NCPA - National Center for Policy Analysis

Texas' Electricity Island

May 7, 2001

Unlike California and New York, Texas has an abundance of electric power. One reason, experts say, is that Texans have long maintained a healthy skepticism toward federal regulation -- and have acted accordingly. By confining their power grid to Texas, state utilities avoided oversight by the Federal Energy Regulatory Commission.

As a result, FERC couldn't force Texas to send power out of state in case of an emergency.

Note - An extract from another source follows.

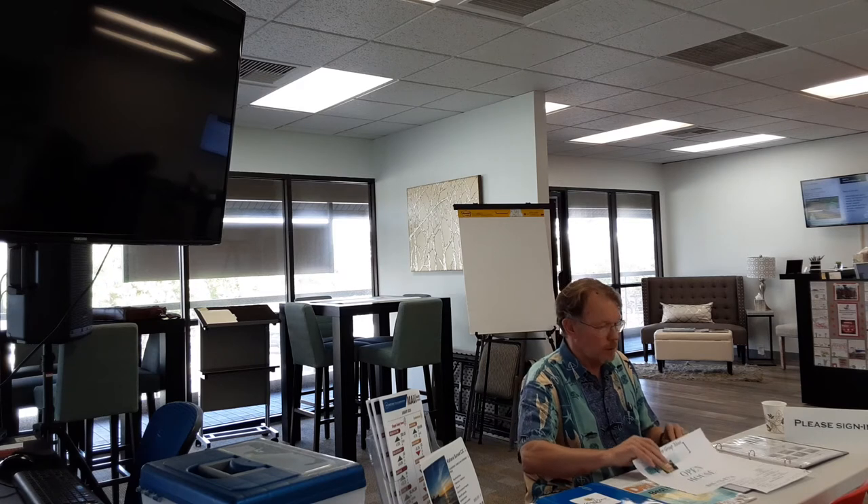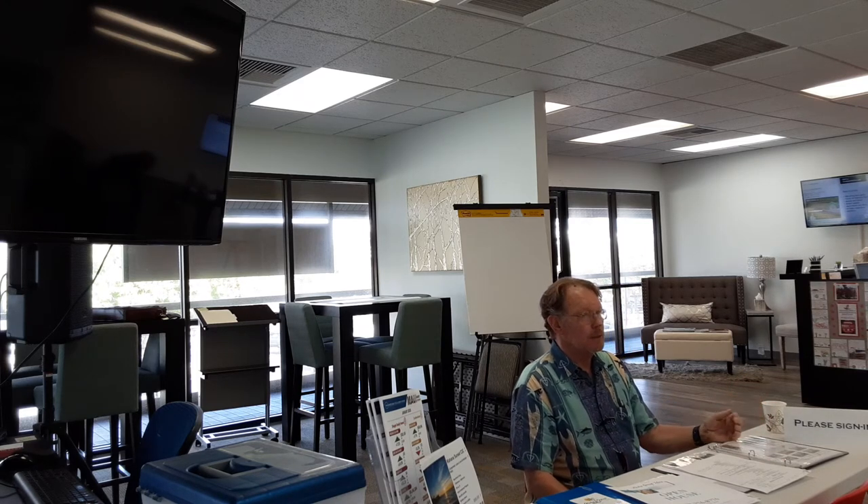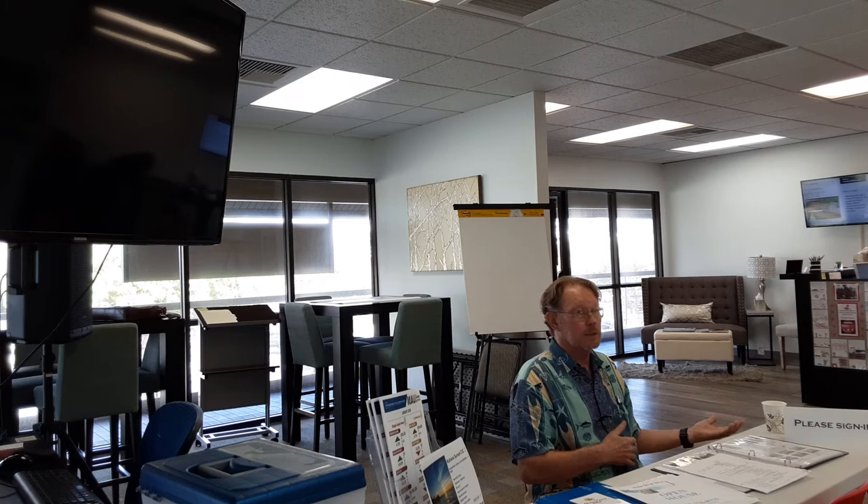Real estate magazines — some realtors like to take Homes and Land or luxury magazines. I'm not a big fan because I don't need to advertise somebody else's listings to my clients; I'd just as soon advertise my own listings. But some people do it — it's just more material for people to look at and engage with.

The state's major utilities went to great lengths to ensure there were no interstate connections.

  • Texas' excess electricity production is nearly enough to power New York City; and by summer of next year the excess may be close to 15,000 megawatts -- enough to power 15 million homes.
  • Texas has 27 new generating plants under construction -- more than any other state.
  • Because the state's low rates and excess power allow it to attract industries, officials are in no hurry to build transmission lines to send energy to other states -- which would take at least three years and cost Texas ratepayers about $600 million.

Another factor which has set Texas apart from energy-hungry states is its business-friendly approach to deregulation.

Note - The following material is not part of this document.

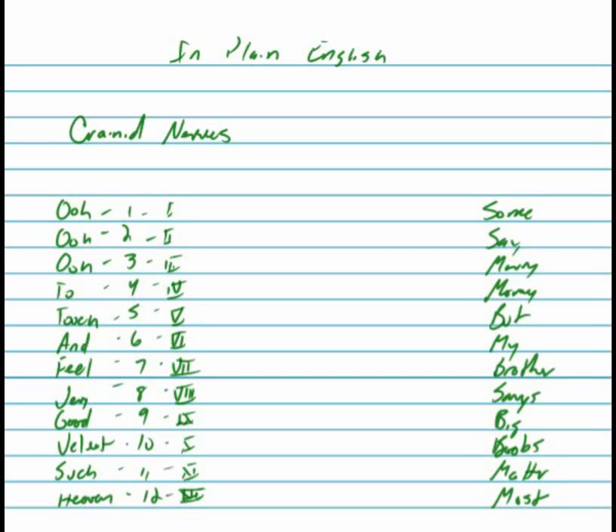The first cranial nerve is going to be olfactory. The olfactory nerve does just what it sounds like — it's going to do smell. Olfactory is your smelling scents and glands, and it's one of the bigger cranial nerves.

  • Unlike California, with its stringent emissions and zoning rules, Texas has made it quick and easy for power companies to locate their plants almost anywhere they can find a place to hook up to the grid.
  • Last year, Texas completed a major upgrade to alleviate bottlenecks on the grid and it has six similar projects underway.
  • Whereas California largely failed to bring new plants online even though power demand was growing, Texas began building plants in 1998.
  • Since then, $11 billion worth of power plants have been completed or started -- and more are on the drawing board.